----- INPUT
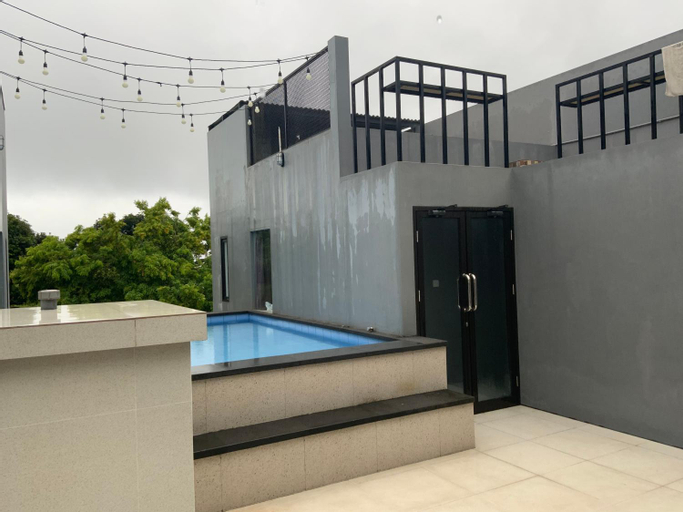 Sport & Beauty 4, Bali queen elephant boutique villa, Badung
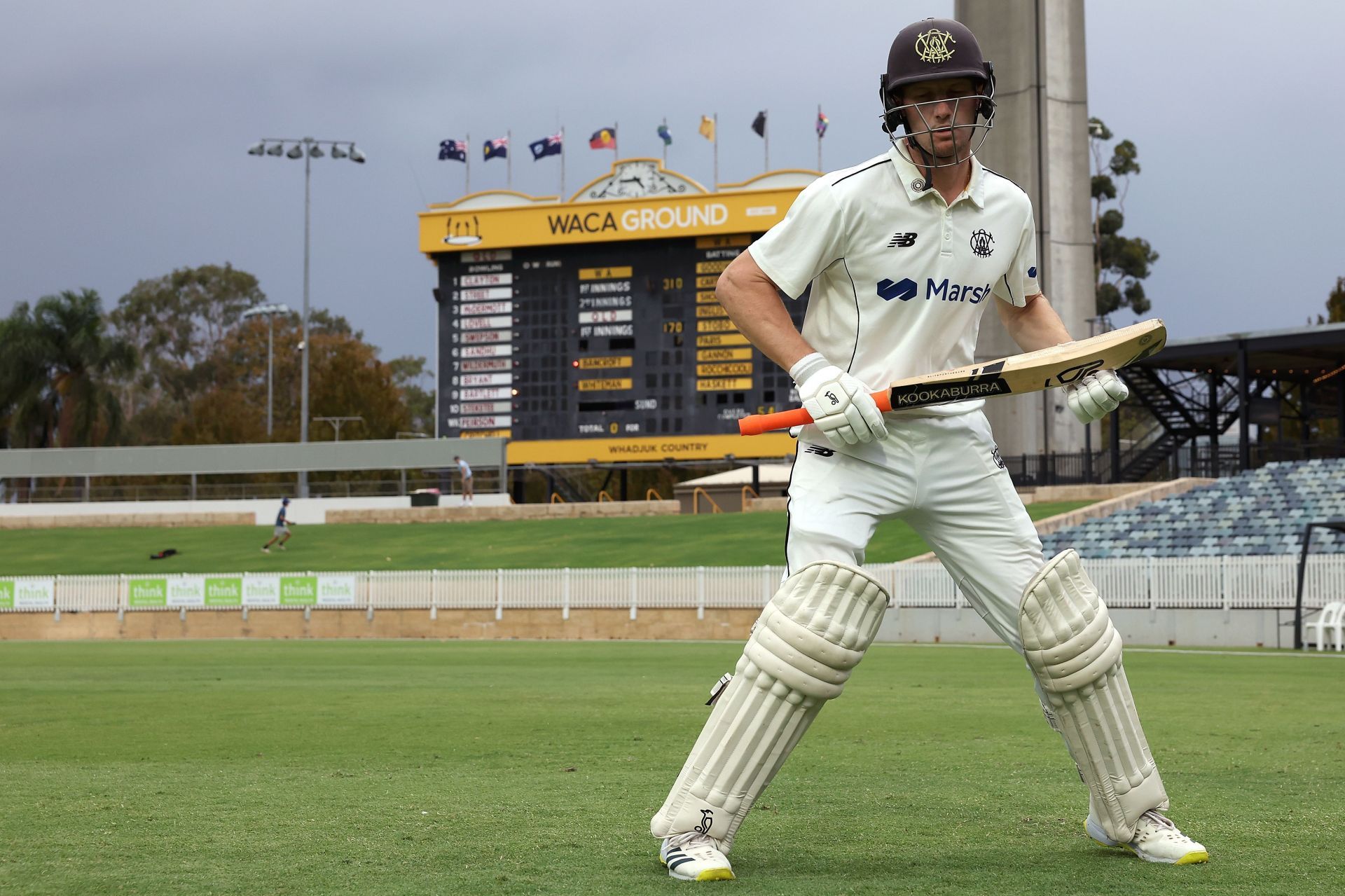 Cameron Bancroft has been consistent in Shield cricket. (Credits: Getty)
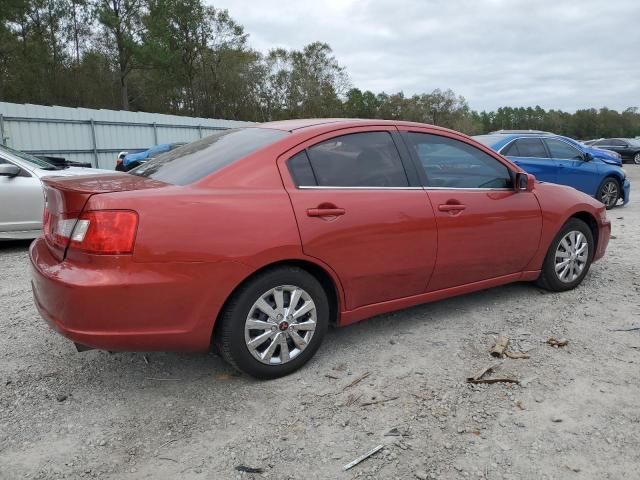 2012 Mitsubishi Galant ES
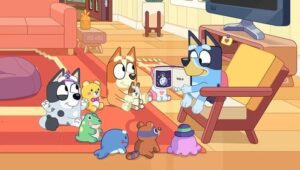 Bluey: 2×30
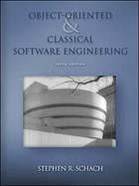 Object-oriented and classical software engineering ISBN 9780071243414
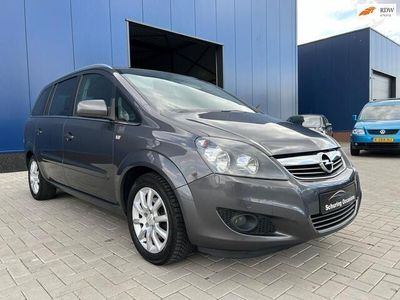 tweedehands Opel Zafira 1.8 Cosmo / 7 ZITS / STOELVERWAMING / CRUISE CONTROL / CLIMATE CONTROL / PDC / TREKHAAK
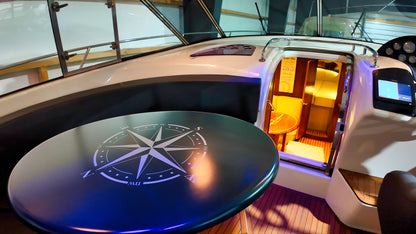 Bavaria 37 HT Hardtop Motoryacht Yacht Boot Schiff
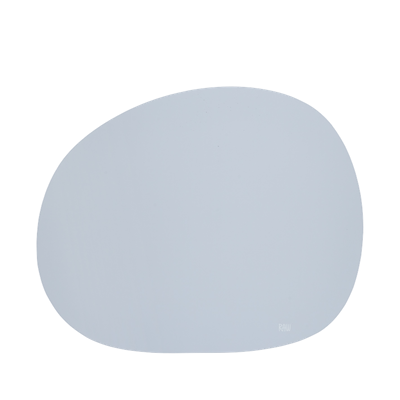 Aida RAW dækkeserviet silikone sky blue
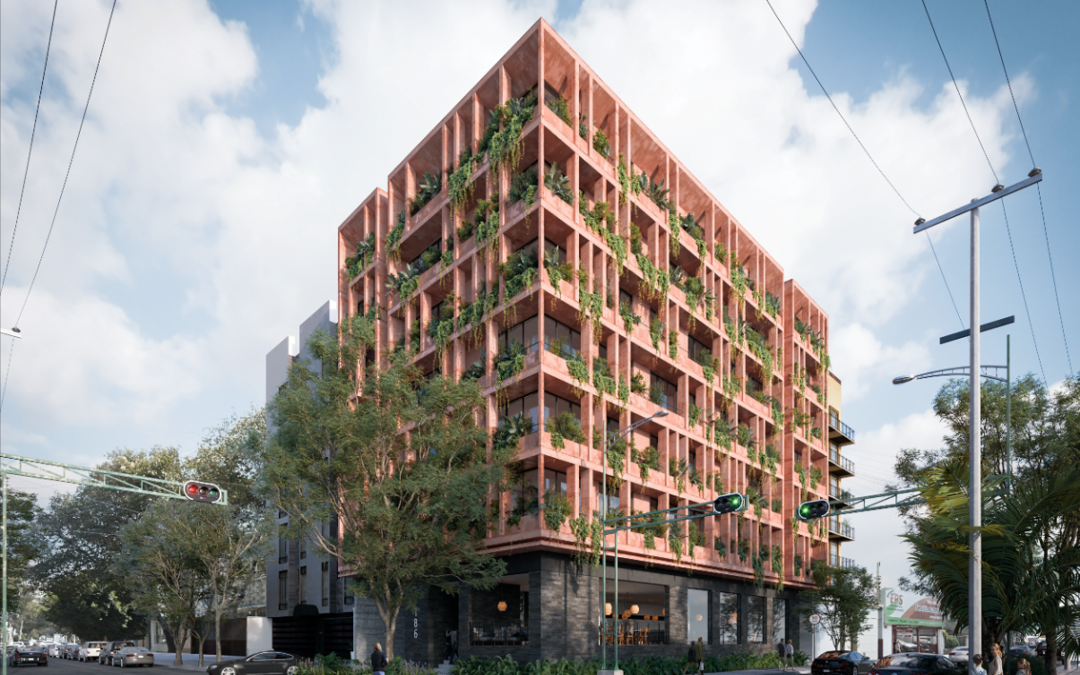 Bajío 186, Roma Sur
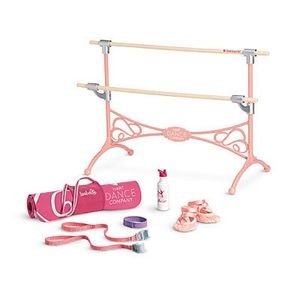 2014 Isabelle's DANCE BARRE, BRAND NEW in the BOX from American Girl.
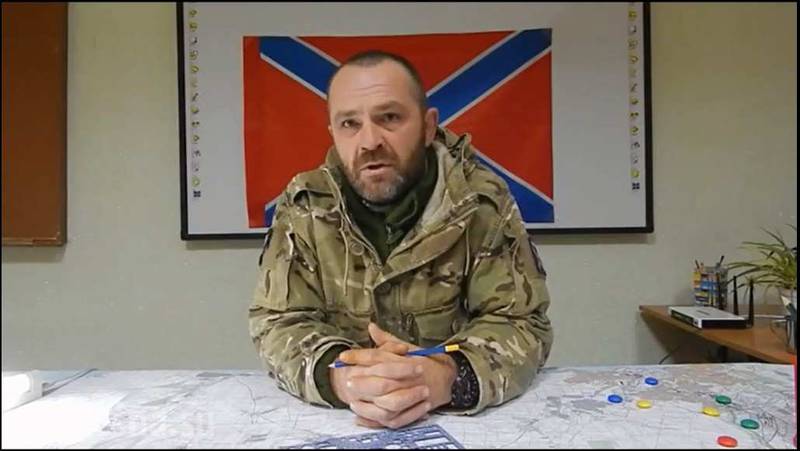 Ополченец «Сват»: Скоро мы освободим Марьинку, а потом и весь Донбасс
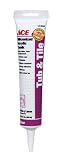 Buy 12 each: Ace Tub & Tile Acrylic Caulk (0445 AC) by Red Devil, Inc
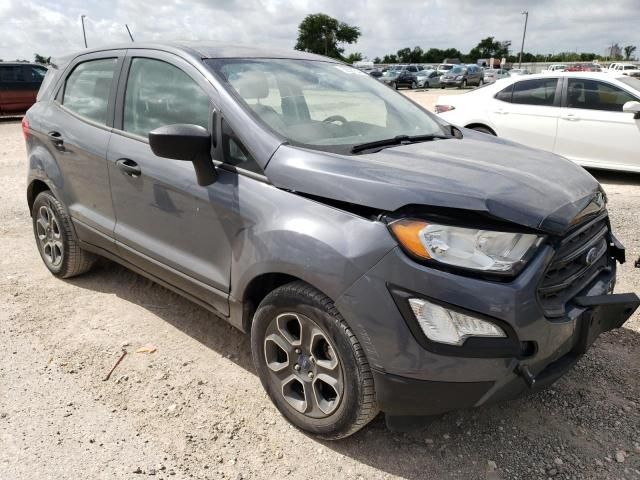 2018 Ford Ecosport S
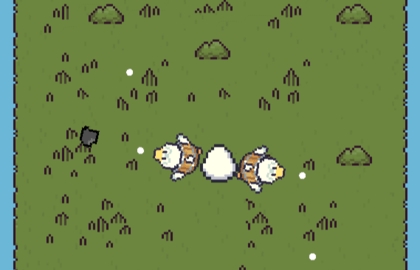 鸡蛋保护者（godot-project-name-en）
----------
• DESCRIPTION OF THE TASK
Once the pictures are removed, write out all of the entries above exactly.

• TASK RESPONSE
 Sport & Beauty 4, Bali queen elephant boutique villa, Badung
 Cameron Bancroft has been consistent in Shield cricket. (Credits: Getty)
 2012 Mitsubishi Galant ES
 Bluey: 2×30
 Object-oriented and classical software engineering ISBN 9780071243414
 tweedehands Opel Zafira 1.8 Cosmo / 7 ZITS / STOELVERWAMING / CRUISE CONTROL / CLIMATE CONTROL / PDC / TREKHAAK
 Bavaria 37 HT Hardtop Motoryacht Yacht Boot Schiff
 Aida RAW dækkeserviet silikone sky blue
 Bajío 186, Roma Sur
 2014 Isabelle's DANCE BARRE, BRAND NEW in the BOX from American Girl.
 Ополченец «Сват»: Скоро мы освободим Марьинку, а потом и весь Донбасс
 Buy 12 each: Ace Tub & Tile Acrylic Caulk (0445 AC) by Red Devil, Inc
 2018 Ford Ecosport S
 鸡蛋保护者（godot-project-name-en）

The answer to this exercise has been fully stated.